Development Approach
Core Principles
- Test-Driven Development
- Write tests before implementation code
- Target 100% test coverage with strategic exclusions
- Use proper mocking for dependencies and external services
- Implement property-based testing for complex data structures
- Quality First
- Follow SOLID principles and clean code practices
- Use Protocol interfaces for service contracts
- Implement proper error handling and validation
- Maintain comprehensive documentation
- Incremental Progress
- Work on one module at a time until complete
- Create small, testable increments of functionality
- Remove debug code and commented-out sections after use
- Complete all components with 100% test coverage
Architecture Patterns
Service Registry Pattern
All services should be registered with the ServiceRegistry:
def register_services(registry: ServiceRegistry) -> None:
"""Register all application services."""
# Register repositories
registry.register(AgentRepository, AgentNeo4jRepository(driver))
registry.register(TemplateRepository, TemplateNeo4jRepository(driver))
# Register core services
registry.register(AgentFactory, AgentFactoryImpl(
template_repository=registry.get_service(TemplateRepository),
agent_repository=registry.get_service(AgentRepository),
event_publisher=registry.get_service(EventPublisher)
))
Repository Pattern
All database interactions should use the repository pattern:
class AgentRepository(Protocol):
"""Interface for agent data access."""
async def get_agent_by_id(self, agent_id: str) -> Agent:
"""Get agent by ID."""
...
async def create_agent(self, agent_data: dict) -> str:
"""Create a new agent."""
...
async def update_agent(self, agent_id: str, updates: dict) -> None:
"""Update an existing agent."""
...
Event-Driven Architecture
The system uses event-driven architecture for communication:
class EventPublisher(Protocol):
"""Interface for publishing events."""
async def publish_event(self, topic: str, event: BaseEvent) -> None:
"""Publish an event to Kafka."""
...
class KafkaEventPublisher:
"""Kafka implementation of EventPublisher."""

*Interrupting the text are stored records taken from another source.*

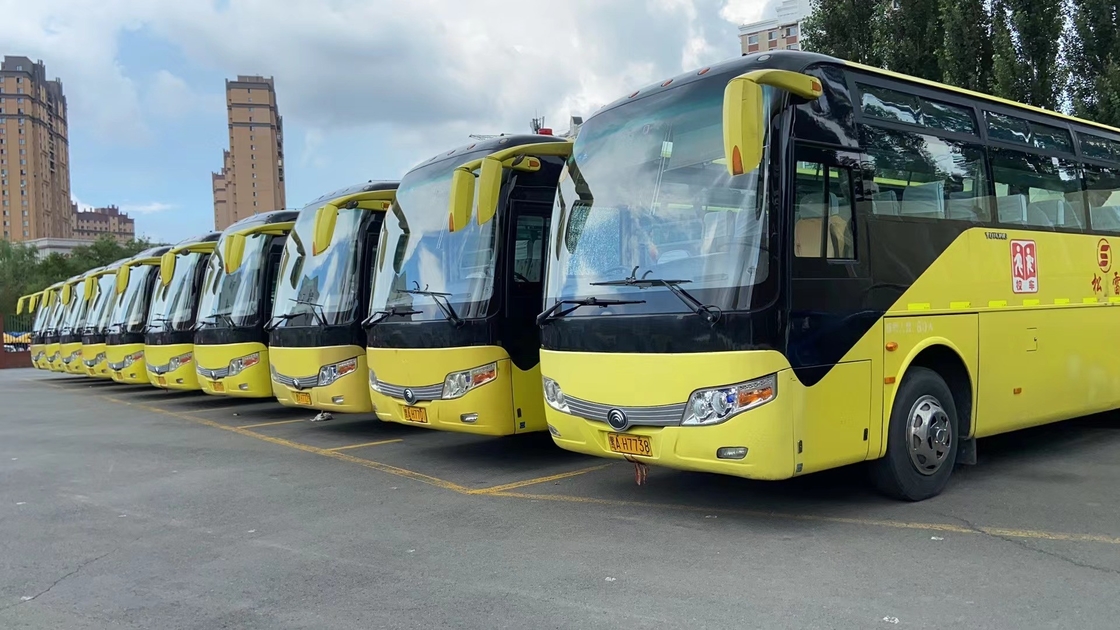 2014 ans 60 Yutong utilisé par sièges transportent ZK6107 avec le moteur 100km/H de Yuchai orientant LHD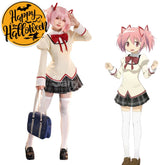 【In Stock】Anime Puella Magi Madoka Magica Cosplay Kaname Madoka&Akemi Homura&Tomoe Mami Cosplay Costume Premium Edition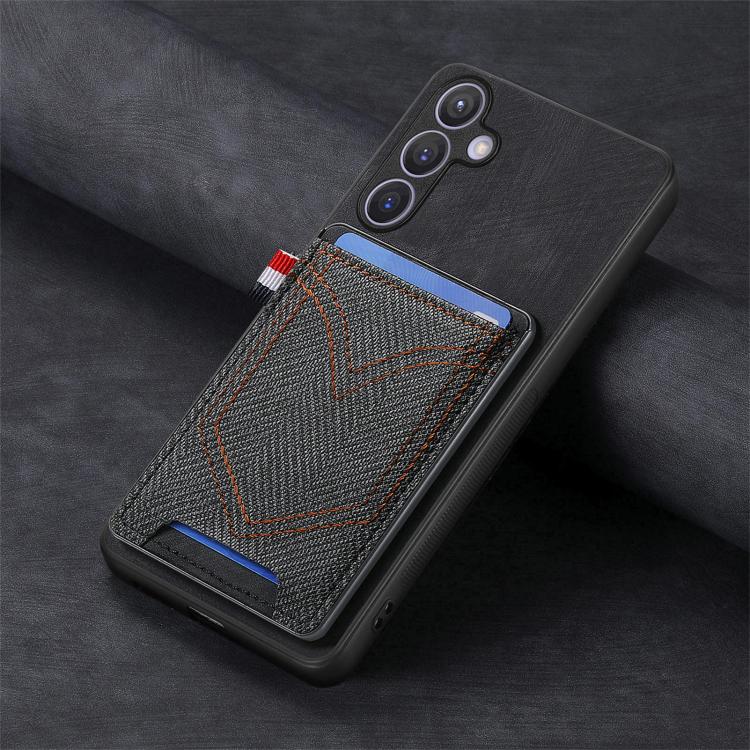 Denim Texture Leather Skin Phone Case with Card Slot, For Samsung Galaxy A57 5G, For Samsung Galaxy A37 5G, For Samsung Galaxy S25 Edge 5G, For Samsung Galaxy A56 5G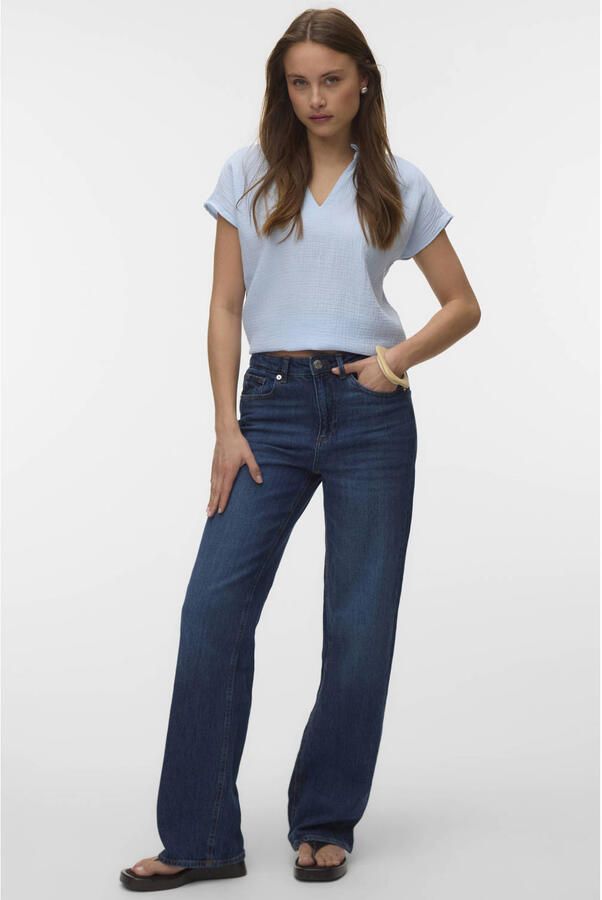 VERO MODA blousetop lichtblauw - Foto 3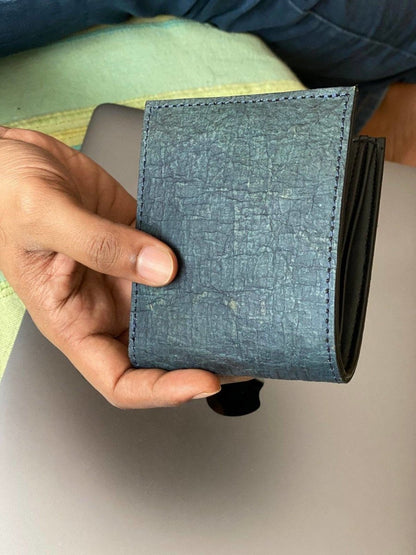 Xisha Wallet - Indigo | Verified Sustainable by Brown Living™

def __init__(self, producer: AIOKafkaProducer):
self.producer = producer
async def publish_event(self, topic: str, event: BaseEvent) -> None:
"""Publish an event to Kafka."""
event_data = event.json().encode('utf-8')
await self.producer.send_and_wait(topic, event_data)
Code Standards
Type Annotations
All code must include comprehensive type annotations:
# Modern type annotations (preferred)
def create_agent(
template_id: str,
parameters: dict[str, Any] | None = None,
timeout_seconds: int = 30
) -> str:
"""Create a new agent instance."""
...
# Use TypedDict for complex dictionary structures
class AgentParameters(TypedDict):
model: str
temperature: float
max_tokens: int
stop_sequences: list[str]
# Use Protocol for interfaces
class CapabilityService(Protocol):
async def find_similar_capabilities(
self, capability_name: str, threshold: float = 0.7
) -> list[Capability]:
"""Find capabilities similar to the given name."""
...
Docstrings
Follow this format for all docstrings:
def transition_agent_state(
agent_id: str,
target_state: str,
approver: str | None = None
) -> None:
"""
Transition an agent to a new state.
Args:
agent_id: Unique identifier for the agent
target_state: State to transition the agent to
approver: Entity that approved the transition
Raises:
AgentNotFound: If the agent doesn't exist
InvalidStateTransition: If the transition is not allowed
Returns:
None
"""
...
Code Formatting
- All code must be formatted with
black
andisort
- Maximum line length: 100 characters
- Use 4 spaces for indentation (not tabs)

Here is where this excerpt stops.